- Groups say that "without a solution," it is daily "terror and pain"
- The United States is going after the head of the Lord's Resistance Army
- The "army" operates through central Africa
- A Republican senator supports the move
President Barack Obama is sending about 100 U.S. troops to Africa to help hunt down the leaders of the notoriously violent Lord's Resistance Army in and around Uganda.
"I have authorized a small number of combat-equipped U.S. forces to deploy to central Africa to provide assistance to regional forces that are working toward the removal of Joseph Kony from the battlefield," Obama said in letter sent Friday to House Speaker John Boehner and Daniel Inouye, the president pro tempore of the Senate. Kony is the head of the Lord's Resistance Army.
U.S. military personnel advising regional forces working to target Kony and other senior leaders will not engage Kony's forces "unless necessary for self-defense," Obama said.

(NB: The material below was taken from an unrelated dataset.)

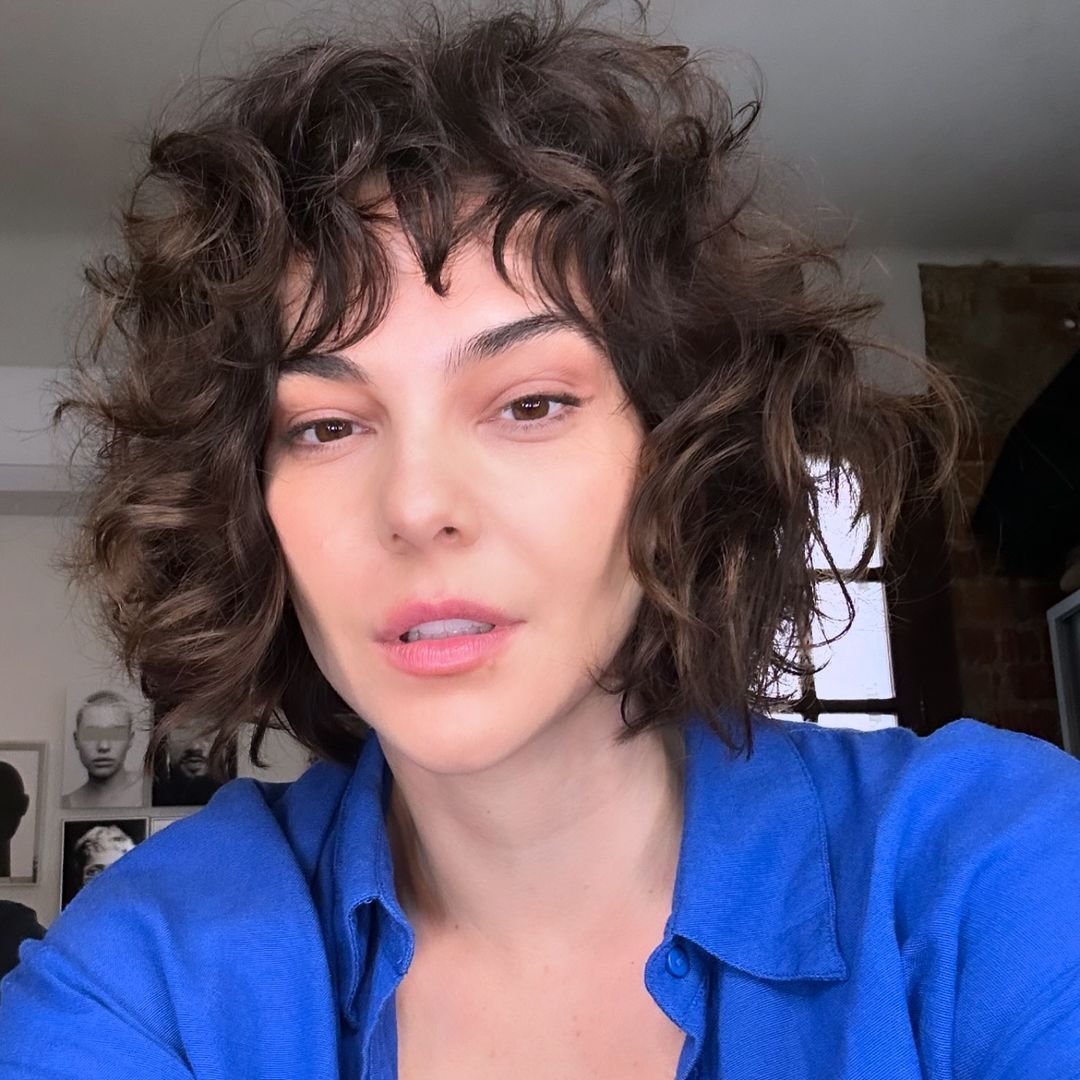 Tainá Müller também mudou de visual e adotou a franja recentemente / Instagram/Tainá Müller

"I believe that deploying these U.S. armed forces furthers U.S. national security interests and foreign policy and will be a significant contribution toward counter-LRA efforts in central Africa."
Obama noted that the group "has murdered, raped, and kidnapped tens of thousands of men, women and children in central Africa" and "continues to commit atrocities across the Central African Republic, the Democratic Republic of the Congo and South Sudan that have a disproportionate impact on regional security."
According to the State Department, "since 2008 alone, the LRA has killed more than 2,400 people and abducted more than 3,400. The United Nations estimates that over 380,000 people are displaced across the region because of LRA activity."
Obama said the United States since 2008 has backed regional military efforts to go after the Lord's Resistance Army. State Department spokeswoman Victoria Nuland said that since that time the United States has provided more than $40 million in support.
Efforts to combat the LRA, however, have been unsuccessful.
In his letter, Obama cited the Lord's Resistance Army Disarmament and Northern Uganda Recovery Act of 2009. In that measure, Congress "expressed support for increased, comprehensive U.S. efforts to help mitigate and eliminate the threat posed by the LRA to civilians and regional stability," he said.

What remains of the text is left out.